Wirtschaft

Ab sofort tägliche Flüge zwischen Wien und Minsk

Inmitten der Coronakrise hat die weißrussische Fluglinie Belavia am Samstag den Flugbetrieb zwischen Minsk und Wien aufgenommen. Flughafen-Vorstand Julian Jäger wertete dies in einer Aussendung als "Zeichen, dass es für die Luftfahrt langsam wieder aufwärts geht". Er betonte, dass "alle geltenden behördlichen Sicherheits-, Gesundheits- und Einreisebestimmungen streng eingehalten werden".

Laut einer Belavia-Aussendung ist ein täglicher Flugbetrieb zwischen Minsk und Wien geplant, wobei Maschinen mit 76 Sitzplätzen eingesetzt werden. Tickets seien für 69 Euro in eine Richtung zu haben.

Wer Flugpläne für Belarus (Weißrussland) anstellt, muss freilich auch Zeit für die folgende Heimquarantäne einplanen. Flugreisende aus Belarus selbst dürften nur schwer nach Österreich kommen, hat doch die Europäische Union im Zuge der Coronakrise ein Einreiseverbot für Drittstaatsangehörige ohne gültigen Aufenthaltstitel verhängt.

Laut dem Flughafen Wien wird bei allen ankommenden Passagieren unmittelbar nach der Ankunft die Körpertemperatur gemessen. Sie müssten dann entweder ein ärztliches Attest mit negativem Covid-19-Befund, das nicht älter als vier Tage ist, vorweisen, oder sich für 14 Tage in Quarantäne begeben.

Belavia-Generaldirektor Anatoli Gusarow betonte, dass die Aufnahme der Flüge die Handels-, Wirtschafts- und Kulturbeziehungen zwischen Belarus und Österreich stärken und auch Bürgern beider Länder "eine Rückkehr in ihre Heimat erleichtern" solle.
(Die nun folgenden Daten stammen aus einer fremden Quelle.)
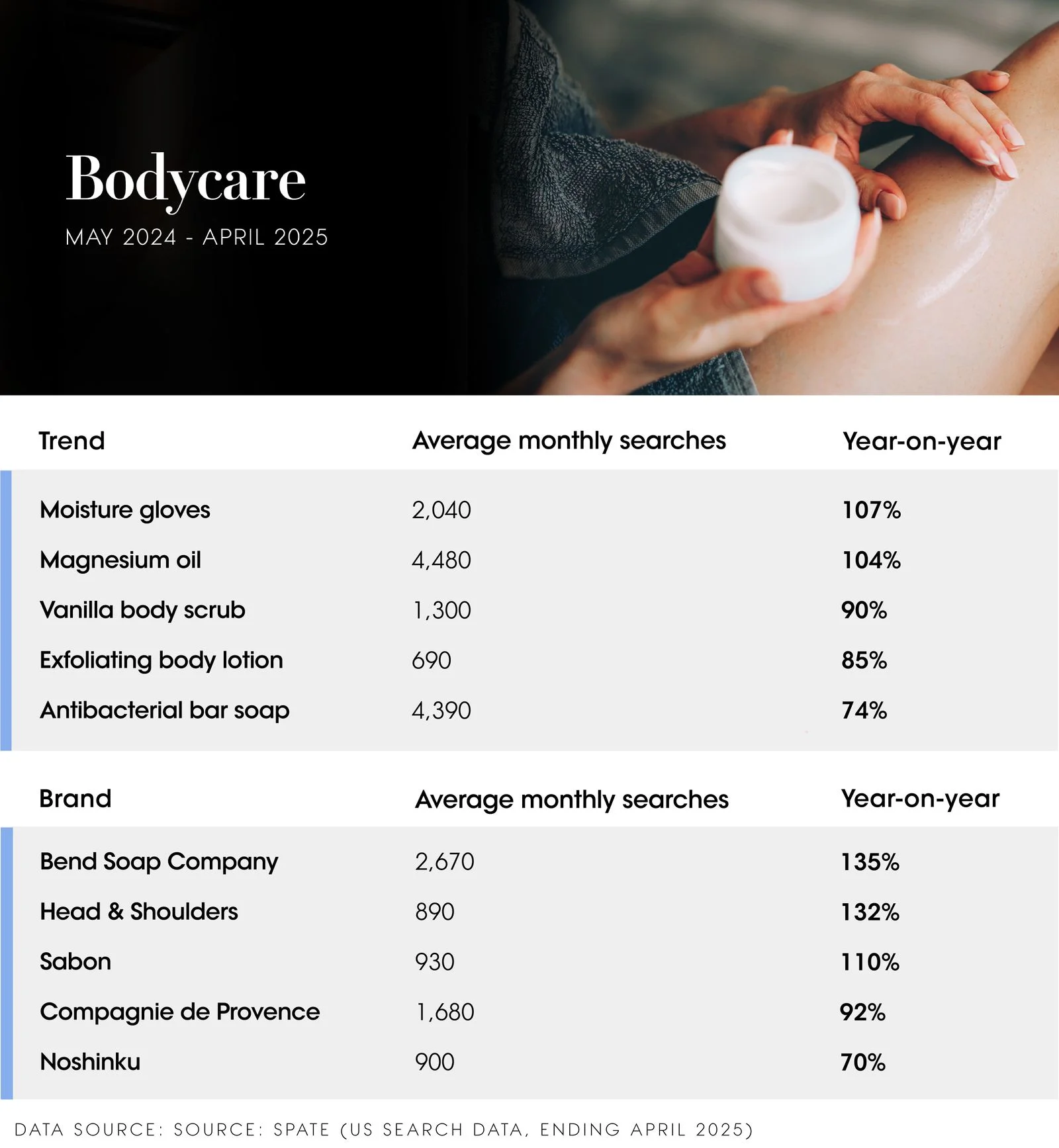 Image may contain Chart Plot Cup Massage Person Baby Body Part Finger and Hand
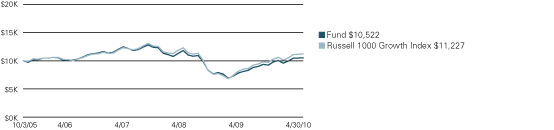 (LINE GRAPH)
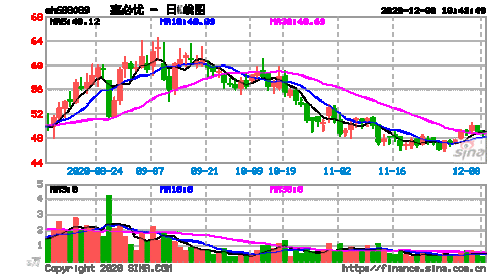 大宗
信息(沪)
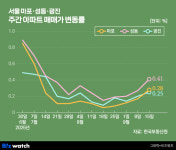 신고가 터지는 마·성·광…규제지역 확대될까?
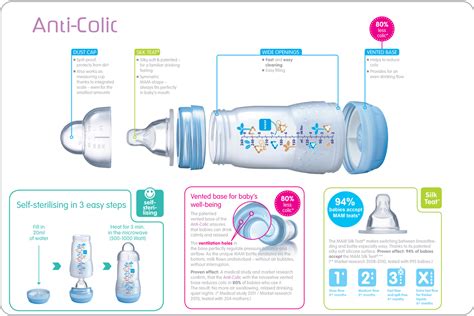 MAM Anti-Colic Baby Bottles Starter Set
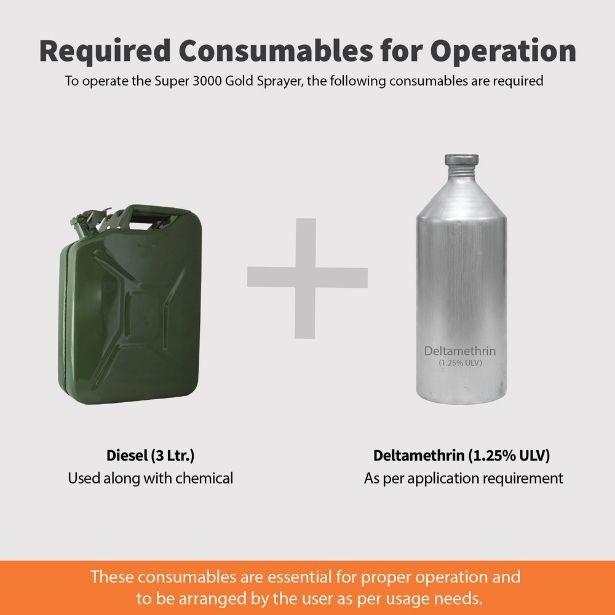 Deltamethrin and diesel required consumables for operation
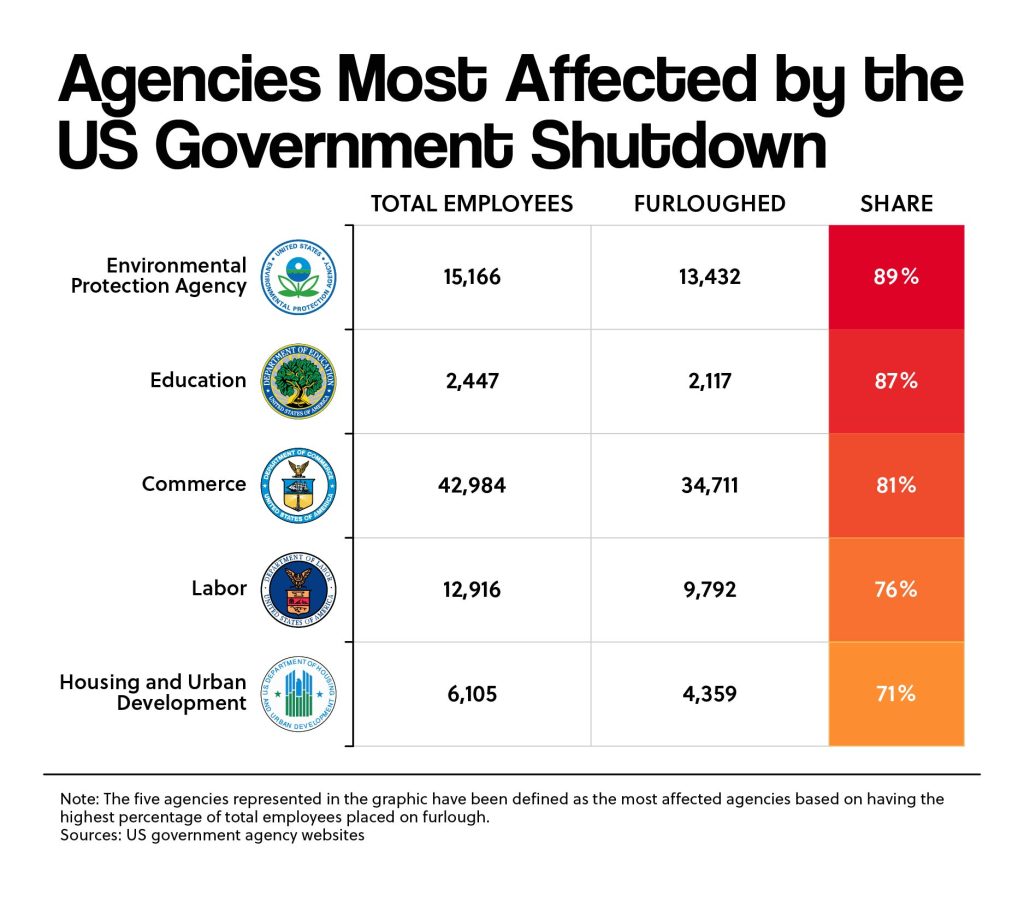 shutdown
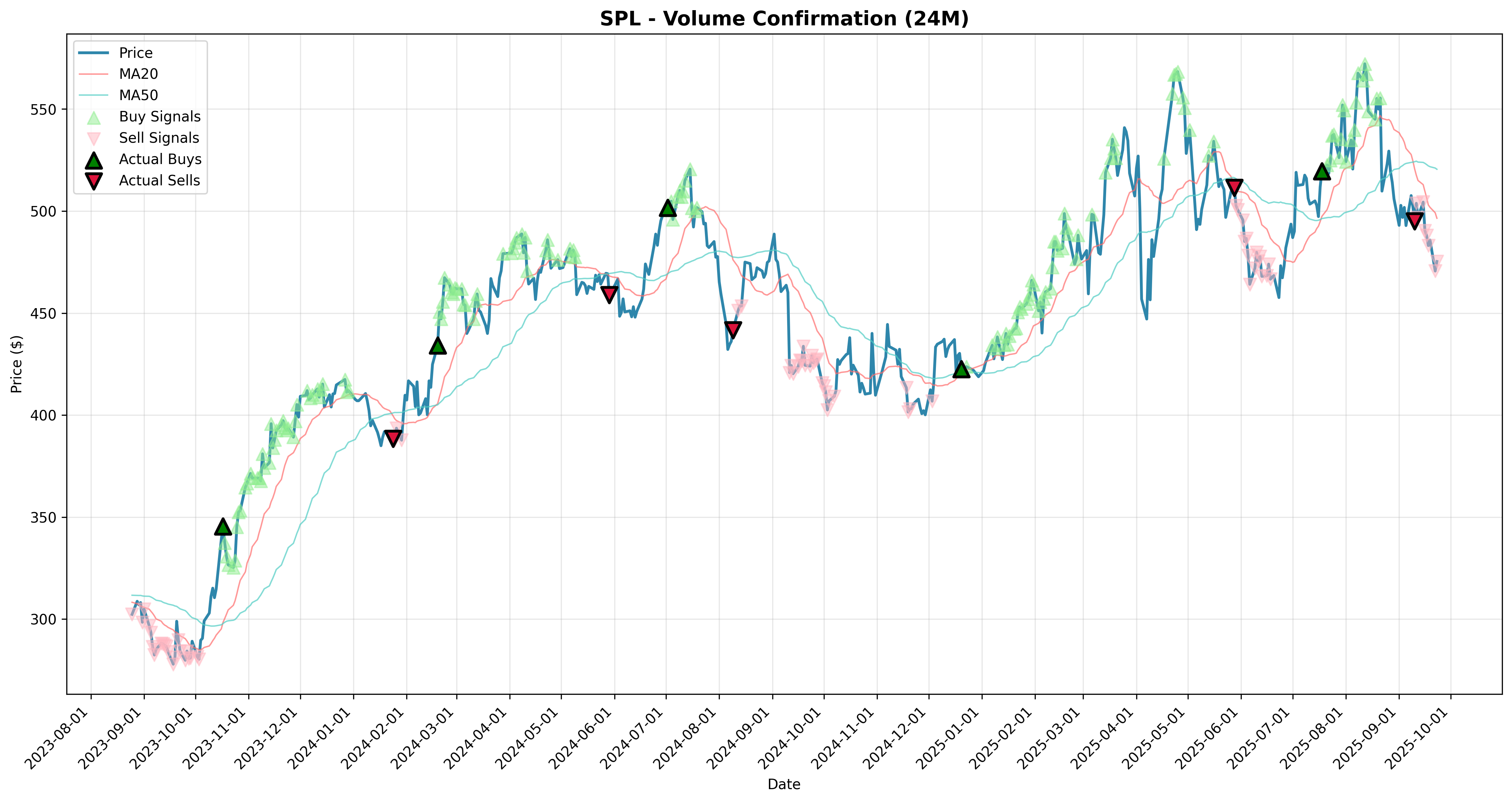 volume_confirmation all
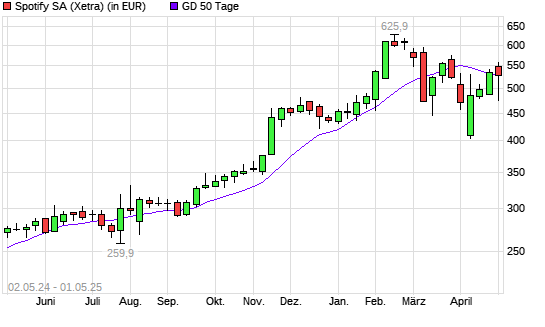 Spotify Technology-Aktie über 50-Tage-Linie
Anders als in fast allen europäischen Ländern ist das öffentliche Leben in Belarus bisher kaum von der Coronavirus-Pandemie betroffen. Dem autokratischen Präsidenten Alexander Lukaschenko gelingt es bisher, die Krankheit herunterzuspielen. So waren am heutigen Samstag hundertausende Menschen bei einem traditionellen kollektiven Arbeitseinsatz in Parks unterwegs und pflanzten dort Bäume, auch Sportveranstaltungen wie Fußballspiele finden weiter statt. Nach den Daten der US-Universität Johns Hopkins liegt die Zahl der Coronavirus-Fälle in Belarus bei 9.590, die Zahl der Toten bei 67.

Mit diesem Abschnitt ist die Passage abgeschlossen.